● **YOUR INSTRUCTIONS**
Find "Glad2Glow Peeling Solution" in the data, then restate the line it sits in and every later line word for word, ending with the last line.

● **INFORMATION GIVEN**

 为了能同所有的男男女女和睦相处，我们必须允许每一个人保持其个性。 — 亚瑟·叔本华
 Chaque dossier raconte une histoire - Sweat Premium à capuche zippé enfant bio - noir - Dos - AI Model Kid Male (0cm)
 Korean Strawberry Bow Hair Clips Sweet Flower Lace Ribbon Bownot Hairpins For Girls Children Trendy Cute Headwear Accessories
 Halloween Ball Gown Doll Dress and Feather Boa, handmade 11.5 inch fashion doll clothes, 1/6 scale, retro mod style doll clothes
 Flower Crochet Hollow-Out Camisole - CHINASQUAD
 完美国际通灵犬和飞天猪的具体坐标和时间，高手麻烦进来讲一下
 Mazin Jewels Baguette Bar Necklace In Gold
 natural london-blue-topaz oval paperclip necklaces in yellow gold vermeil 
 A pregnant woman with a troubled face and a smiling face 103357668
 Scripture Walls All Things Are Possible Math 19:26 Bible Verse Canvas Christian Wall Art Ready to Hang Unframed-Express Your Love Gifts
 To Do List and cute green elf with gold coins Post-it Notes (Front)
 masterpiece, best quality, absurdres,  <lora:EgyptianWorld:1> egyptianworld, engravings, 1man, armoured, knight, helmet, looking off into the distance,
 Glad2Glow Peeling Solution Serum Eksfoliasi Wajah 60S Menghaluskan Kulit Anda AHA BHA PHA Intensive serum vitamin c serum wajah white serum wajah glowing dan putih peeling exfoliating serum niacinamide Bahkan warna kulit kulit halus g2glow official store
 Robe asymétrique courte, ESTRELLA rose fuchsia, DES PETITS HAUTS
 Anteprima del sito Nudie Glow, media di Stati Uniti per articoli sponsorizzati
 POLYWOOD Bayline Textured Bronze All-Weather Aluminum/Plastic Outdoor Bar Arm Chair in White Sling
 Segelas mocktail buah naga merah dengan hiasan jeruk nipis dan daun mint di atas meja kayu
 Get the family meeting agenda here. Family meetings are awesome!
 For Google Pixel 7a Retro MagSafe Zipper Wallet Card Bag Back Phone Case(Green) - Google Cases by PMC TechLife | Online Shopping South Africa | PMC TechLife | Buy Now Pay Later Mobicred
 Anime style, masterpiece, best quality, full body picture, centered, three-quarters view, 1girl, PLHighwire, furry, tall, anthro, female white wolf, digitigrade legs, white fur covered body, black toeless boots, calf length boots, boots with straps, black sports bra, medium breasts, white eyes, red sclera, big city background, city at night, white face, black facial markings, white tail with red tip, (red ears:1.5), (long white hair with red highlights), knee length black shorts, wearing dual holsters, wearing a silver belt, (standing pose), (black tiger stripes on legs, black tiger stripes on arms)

● **SOLVED PROBLEM**
 Glad2Glow Peeling Solution Serum Eksfoliasi Wajah 60S Menghaluskan Kulit Anda AHA BHA PHA Intensive serum vitamin c serum wajah white serum wajah glowing dan putih peeling exfoliating serum niacinamide Bahkan warna kulit kulit halus g2glow official store
 Robe asymétrique courte, ESTRELLA rose fuchsia, DES PETITS HAUTS
 Anteprima del sito Nudie Glow, media di Stati Uniti per articoli sponsorizzati
 POLYWOOD Bayline Textured Bronze All-Weather Aluminum/Plastic Outdoor Bar Arm Chair in White Sling
 Segelas mocktail buah naga merah dengan hiasan jeruk nipis dan daun mint di atas meja kayu
 Get the family meeting agenda here. Family meetings are awesome!
 For Google Pixel 7a Retro MagSafe Zipper Wallet Card Bag Back Phone Case(Green) - Google Cases by PMC TechLife | Online Shopping South Africa | PMC TechLife | Buy Now Pay Later Mobicred
 Anime style, masterpiece, best quality, full body picture, centered, three-quarters view, 1girl, PLHighwire, furry, tall, anthro, female white wolf, digitigrade legs, white fur covered body, black toeless boots, calf length boots, boots with straps, black sports bra, medium breasts, white eyes, red sclera, big city background, city at night, white face, black facial markings, white tail with red tip, (red ears:1.5), (long white hair with red highlights), knee length black shorts, wearing dual holsters, wearing a silver belt, (standing pose), (black tiger stripes on legs, black tiger stripes on arms)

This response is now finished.